(Records excerpted from a collection)
-------------------------
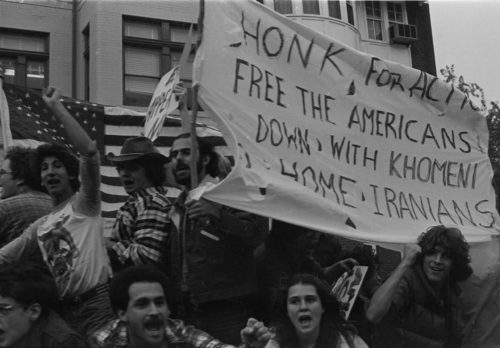 Ouzer R2770-11A Shots of Eastman Philharmonia members on the road during their five-day tour, together with the surrounding scenery.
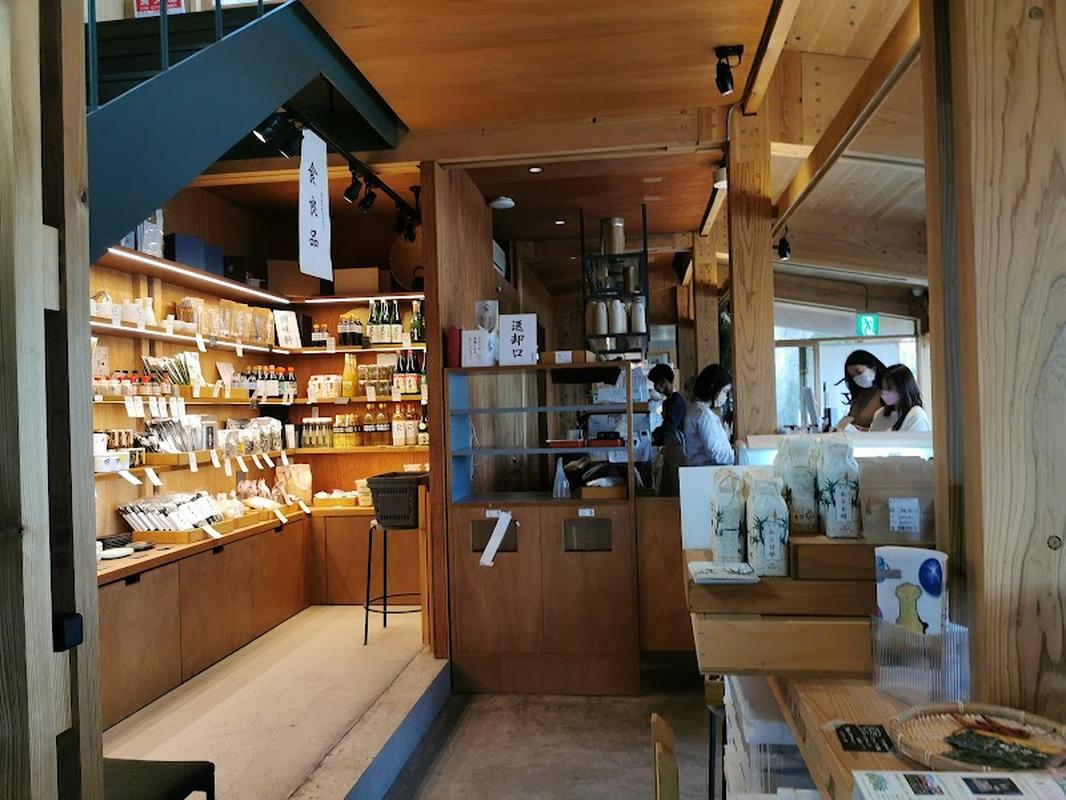 오호리공원 &로컬스 오호리 공원 사진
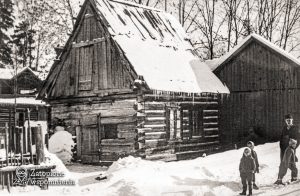 Maniowy 214 – front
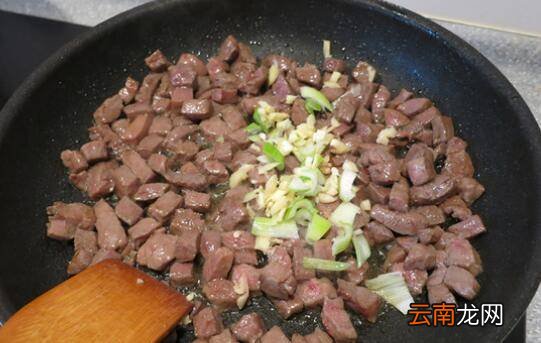 牛肉粒怎么炒会嫩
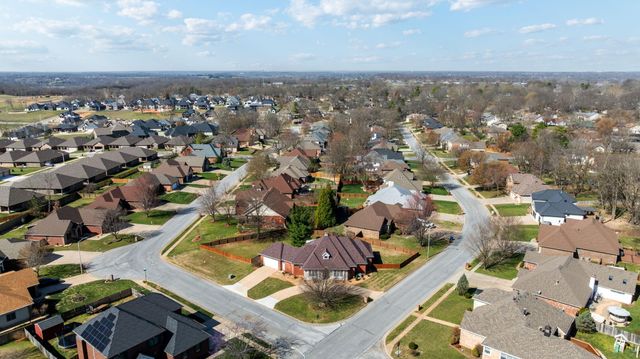 1002 E Gaslight Drive, Springfield, MO 65810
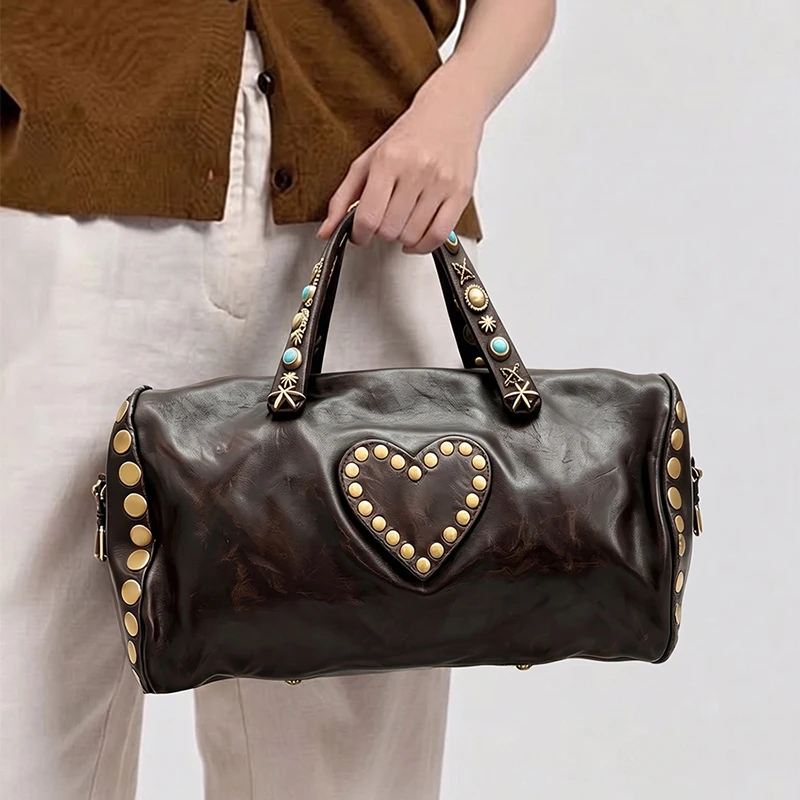 Vintage Handtasche mit Zylinderform und dunkelbraunem Griff, Damen Retro Distressed Barrel Bag, Handtasche mit Herz-Nieten-Dekor und Metallnieten – Detail 10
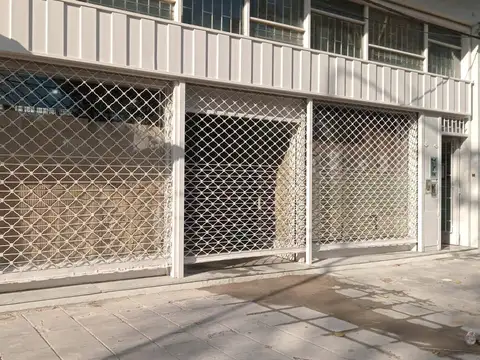 Local comercial de 260 m² en Merlo (Bs. As.) – Apto múltiples destinos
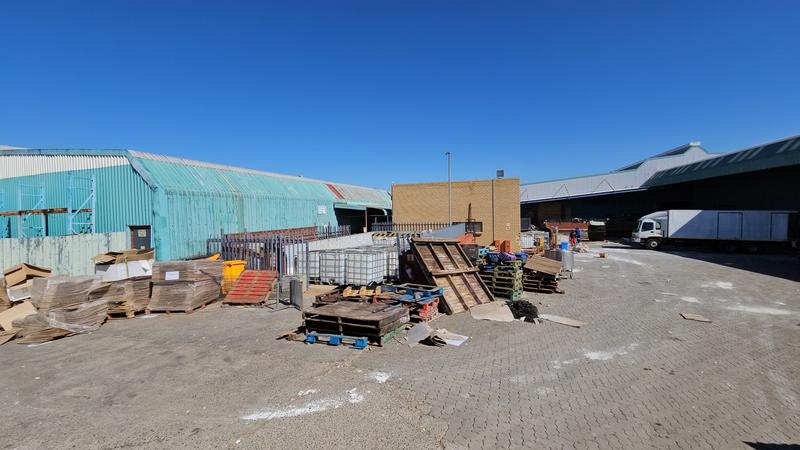 To Let commercial Property for Rent in Grand Central Gauteng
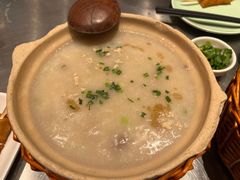潮界生滚牛肉粥-潮界(虹桥新天地店)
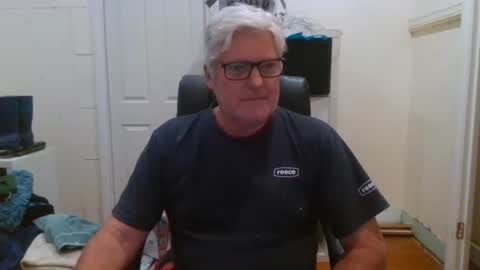 Snapshot of viper654321 chatting on December 2, 8:03 am viper654321 online show from December 2, 8:03 am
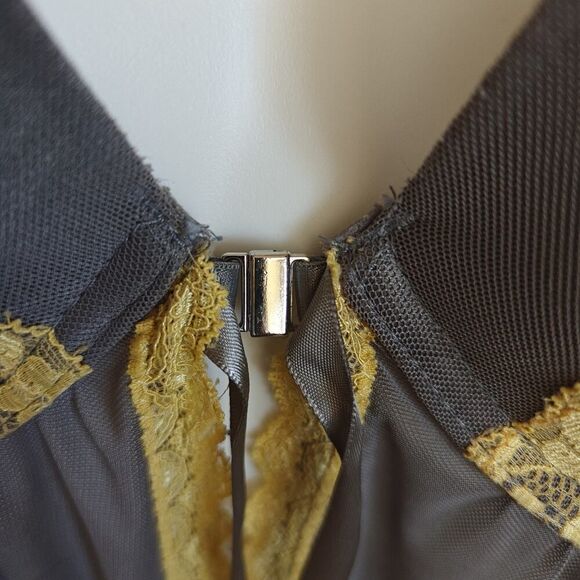 Sheer stretch mesh lacy overlay front clip lingerie sz 2X - Picture 5 of 8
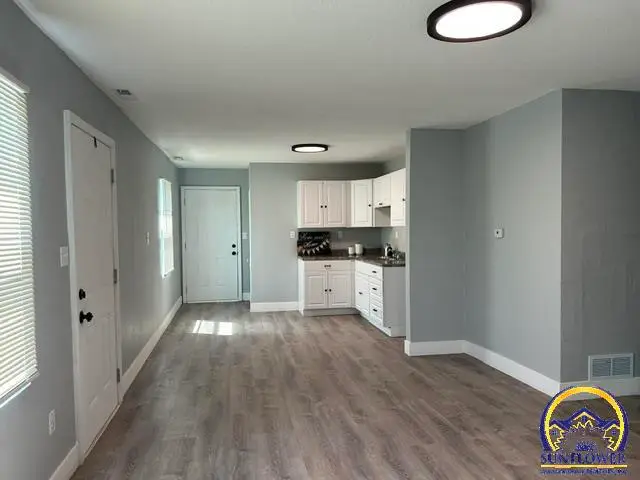 3125 SW Fillmore St, Topeka, KS 66611 - #3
-------------------------
Please copy exactly the lines from the one containing "Vintage Handtasche mit" through the last line of the records above, both included, and leave out any pictures.

 Vintage Handtasche mit Zylinderform und dunkelbraunem Griff, Damen Retro Distressed Barrel Bag, Handtasche mit Herz-Nieten-Dekor und Metallnieten – Detail 10
 Local comercial de 260 m² en Merlo (Bs. As.) – Apto múltiples destinos
 To Let commercial Property for Rent in Grand Central Gauteng
潮界生滚牛肉粥-潮界(虹桥新天地店)
 Snapshot of viper654321 chatting on December 2, 8:03 am viper654321 online show from December 2, 8:03 am
 Sheer stretch mesh lacy overlay front clip lingerie sz 2X - Picture 5 of 8
 3125 SW Fillmore St, Topeka, KS 66611 - #3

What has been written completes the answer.